WORK TO BE COMPLETED: Return exactly those lines of the material below that fall between the line holding "MỎM SỐNG: Có 3 loại, xuất phát từ cung sống" and the line holding "Buff-throated Saltator - ML635527595", inclusive.

THE DATA section start

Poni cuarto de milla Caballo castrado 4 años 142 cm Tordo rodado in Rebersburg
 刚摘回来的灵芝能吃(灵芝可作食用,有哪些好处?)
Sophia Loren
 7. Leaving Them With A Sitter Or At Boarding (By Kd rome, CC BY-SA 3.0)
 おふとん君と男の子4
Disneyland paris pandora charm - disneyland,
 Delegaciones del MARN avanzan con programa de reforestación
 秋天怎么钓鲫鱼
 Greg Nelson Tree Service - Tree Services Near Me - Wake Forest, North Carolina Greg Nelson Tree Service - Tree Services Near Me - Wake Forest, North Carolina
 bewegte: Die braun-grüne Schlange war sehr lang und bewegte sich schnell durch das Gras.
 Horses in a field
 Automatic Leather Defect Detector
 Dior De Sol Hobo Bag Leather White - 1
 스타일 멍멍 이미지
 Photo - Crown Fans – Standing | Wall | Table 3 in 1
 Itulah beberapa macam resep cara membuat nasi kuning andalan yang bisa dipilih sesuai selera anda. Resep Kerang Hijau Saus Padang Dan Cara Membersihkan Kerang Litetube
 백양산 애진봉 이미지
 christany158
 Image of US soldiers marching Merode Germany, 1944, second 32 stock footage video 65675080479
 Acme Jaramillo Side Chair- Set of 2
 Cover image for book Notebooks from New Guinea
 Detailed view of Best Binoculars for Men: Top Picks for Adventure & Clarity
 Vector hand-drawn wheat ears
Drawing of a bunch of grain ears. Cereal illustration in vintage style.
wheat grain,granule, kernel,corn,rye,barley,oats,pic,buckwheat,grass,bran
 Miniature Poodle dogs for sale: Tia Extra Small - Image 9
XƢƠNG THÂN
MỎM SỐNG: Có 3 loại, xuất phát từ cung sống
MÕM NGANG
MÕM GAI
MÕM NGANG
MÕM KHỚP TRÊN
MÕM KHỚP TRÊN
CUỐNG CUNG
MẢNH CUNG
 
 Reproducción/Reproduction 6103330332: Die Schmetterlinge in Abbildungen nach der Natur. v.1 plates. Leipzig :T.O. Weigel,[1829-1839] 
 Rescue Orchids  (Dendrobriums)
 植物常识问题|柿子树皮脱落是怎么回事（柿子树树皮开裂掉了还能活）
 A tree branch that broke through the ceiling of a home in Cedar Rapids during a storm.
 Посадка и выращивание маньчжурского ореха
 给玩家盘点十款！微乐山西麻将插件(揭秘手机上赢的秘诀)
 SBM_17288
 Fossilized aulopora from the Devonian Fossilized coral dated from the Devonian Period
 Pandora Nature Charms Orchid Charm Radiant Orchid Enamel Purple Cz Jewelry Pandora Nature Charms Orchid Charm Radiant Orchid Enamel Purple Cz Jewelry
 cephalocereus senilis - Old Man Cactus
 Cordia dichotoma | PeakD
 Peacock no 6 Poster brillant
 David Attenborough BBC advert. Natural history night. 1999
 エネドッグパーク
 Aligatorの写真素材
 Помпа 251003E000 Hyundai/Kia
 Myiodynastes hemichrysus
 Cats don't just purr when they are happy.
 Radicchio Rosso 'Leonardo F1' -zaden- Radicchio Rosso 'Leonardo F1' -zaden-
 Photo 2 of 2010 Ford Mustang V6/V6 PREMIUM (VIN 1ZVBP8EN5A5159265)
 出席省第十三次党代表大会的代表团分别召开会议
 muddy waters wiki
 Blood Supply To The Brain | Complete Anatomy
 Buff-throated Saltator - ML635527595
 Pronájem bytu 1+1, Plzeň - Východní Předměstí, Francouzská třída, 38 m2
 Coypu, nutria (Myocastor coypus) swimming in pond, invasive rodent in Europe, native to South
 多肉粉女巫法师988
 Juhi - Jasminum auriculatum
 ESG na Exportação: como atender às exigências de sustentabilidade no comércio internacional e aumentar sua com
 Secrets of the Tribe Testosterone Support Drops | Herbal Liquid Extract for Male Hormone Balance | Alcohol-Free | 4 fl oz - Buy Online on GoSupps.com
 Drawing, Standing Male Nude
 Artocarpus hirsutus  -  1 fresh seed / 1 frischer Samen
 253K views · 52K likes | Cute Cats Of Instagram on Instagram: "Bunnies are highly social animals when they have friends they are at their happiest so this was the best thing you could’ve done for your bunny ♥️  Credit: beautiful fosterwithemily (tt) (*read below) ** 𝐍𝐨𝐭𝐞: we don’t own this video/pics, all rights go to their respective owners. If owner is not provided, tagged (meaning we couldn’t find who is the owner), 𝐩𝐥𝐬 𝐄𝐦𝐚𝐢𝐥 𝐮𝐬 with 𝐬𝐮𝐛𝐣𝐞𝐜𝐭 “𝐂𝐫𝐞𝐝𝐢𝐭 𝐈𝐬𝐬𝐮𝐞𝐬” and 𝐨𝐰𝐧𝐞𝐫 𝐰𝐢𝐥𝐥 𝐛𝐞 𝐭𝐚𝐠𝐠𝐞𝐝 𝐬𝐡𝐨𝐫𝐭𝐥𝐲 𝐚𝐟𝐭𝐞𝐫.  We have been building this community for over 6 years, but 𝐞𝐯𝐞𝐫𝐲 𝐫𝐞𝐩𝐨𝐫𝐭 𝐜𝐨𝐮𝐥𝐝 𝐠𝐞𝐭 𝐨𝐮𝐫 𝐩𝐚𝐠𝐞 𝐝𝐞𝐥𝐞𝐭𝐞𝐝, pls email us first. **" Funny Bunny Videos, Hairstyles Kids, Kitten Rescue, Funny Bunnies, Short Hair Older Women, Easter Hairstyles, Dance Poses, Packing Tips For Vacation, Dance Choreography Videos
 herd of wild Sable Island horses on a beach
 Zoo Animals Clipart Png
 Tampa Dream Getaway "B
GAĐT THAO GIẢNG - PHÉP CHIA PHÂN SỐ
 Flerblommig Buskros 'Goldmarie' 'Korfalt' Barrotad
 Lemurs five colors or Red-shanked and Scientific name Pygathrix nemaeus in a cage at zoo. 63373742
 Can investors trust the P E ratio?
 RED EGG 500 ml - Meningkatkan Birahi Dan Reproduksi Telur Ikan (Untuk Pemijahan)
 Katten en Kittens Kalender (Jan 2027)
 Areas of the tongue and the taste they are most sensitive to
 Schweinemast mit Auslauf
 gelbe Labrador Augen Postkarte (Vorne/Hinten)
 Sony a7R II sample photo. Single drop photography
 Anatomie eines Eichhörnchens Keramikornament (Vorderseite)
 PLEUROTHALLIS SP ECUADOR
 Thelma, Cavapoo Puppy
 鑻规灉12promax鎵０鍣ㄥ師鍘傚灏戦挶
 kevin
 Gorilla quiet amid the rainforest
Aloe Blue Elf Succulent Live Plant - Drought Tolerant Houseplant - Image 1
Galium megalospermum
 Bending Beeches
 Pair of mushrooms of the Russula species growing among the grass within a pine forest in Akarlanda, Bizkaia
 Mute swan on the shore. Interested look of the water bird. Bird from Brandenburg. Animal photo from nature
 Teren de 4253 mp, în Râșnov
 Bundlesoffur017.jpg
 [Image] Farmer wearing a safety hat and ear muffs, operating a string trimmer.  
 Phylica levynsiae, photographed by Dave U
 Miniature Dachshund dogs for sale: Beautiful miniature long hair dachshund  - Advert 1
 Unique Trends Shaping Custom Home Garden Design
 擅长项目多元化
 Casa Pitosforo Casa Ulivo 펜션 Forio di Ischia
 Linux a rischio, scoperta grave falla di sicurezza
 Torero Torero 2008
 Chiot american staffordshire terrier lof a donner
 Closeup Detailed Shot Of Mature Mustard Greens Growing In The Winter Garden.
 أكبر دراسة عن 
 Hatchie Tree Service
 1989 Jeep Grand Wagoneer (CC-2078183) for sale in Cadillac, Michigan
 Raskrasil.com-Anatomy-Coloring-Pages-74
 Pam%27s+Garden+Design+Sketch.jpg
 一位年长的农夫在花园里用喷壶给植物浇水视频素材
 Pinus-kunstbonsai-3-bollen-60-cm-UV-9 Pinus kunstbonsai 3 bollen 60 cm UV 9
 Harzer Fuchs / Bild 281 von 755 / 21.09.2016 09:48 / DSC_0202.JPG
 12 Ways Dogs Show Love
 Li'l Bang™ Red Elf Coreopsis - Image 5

THE DATA section end

RESULT OF THIS EXERCISE:
MỎM SỐNG: Có 3 loại, xuất phát từ cung sống
MÕM NGANG
MÕM GAI
MÕM NGANG
MÕM KHỚP TRÊN
MÕM KHỚP TRÊN
CUỐNG CUNG
MẢNH CUNG
 
 Reproducción/Reproduction 6103330332: Die Schmetterlinge in Abbildungen nach der Natur. v.1 plates. Leipzig :T.O. Weigel,[1829-1839] 
 Rescue Orchids  (Dendrobriums)
 植物常识问题|柿子树皮脱落是怎么回事（柿子树树皮开裂掉了还能活）
 A tree branch that broke through the ceiling of a home in Cedar Rapids during a storm.
 Посадка и выращивание маньчжурского ореха
 给玩家盘点十款！微乐山西麻将插件(揭秘手机上赢的秘诀)
 SBM_17288
 Fossilized aulopora from the Devonian Fossilized coral dated from the Devonian Period
 Pandora Nature Charms Orchid Charm Radiant Orchid Enamel Purple Cz Jewelry Pandora Nature Charms Orchid Charm Radiant Orchid Enamel Purple Cz Jewelry
 cephalocereus senilis - Old Man Cactus
 Cordia dichotoma | PeakD
 Peacock no 6 Poster brillant
 David Attenborough BBC advert. Natural history night. 1999
 エネドッグパーク
 Aligatorの写真素材
 Помпа 251003E000 Hyundai/Kia
 Myiodynastes hemichrysus
 Cats don't just purr when they are happy.
 Radicchio Rosso 'Leonardo F1' -zaden- Radicchio Rosso 'Leonardo F1' -zaden-
 Photo 2 of 2010 Ford Mustang V6/V6 PREMIUM (VIN 1ZVBP8EN5A5159265)
 出席省第十三次党代表大会的代表团分别召开会议
 muddy waters wiki
 Blood Supply To The Brain | Complete Anatomy
 Buff-throated Saltator - ML635527595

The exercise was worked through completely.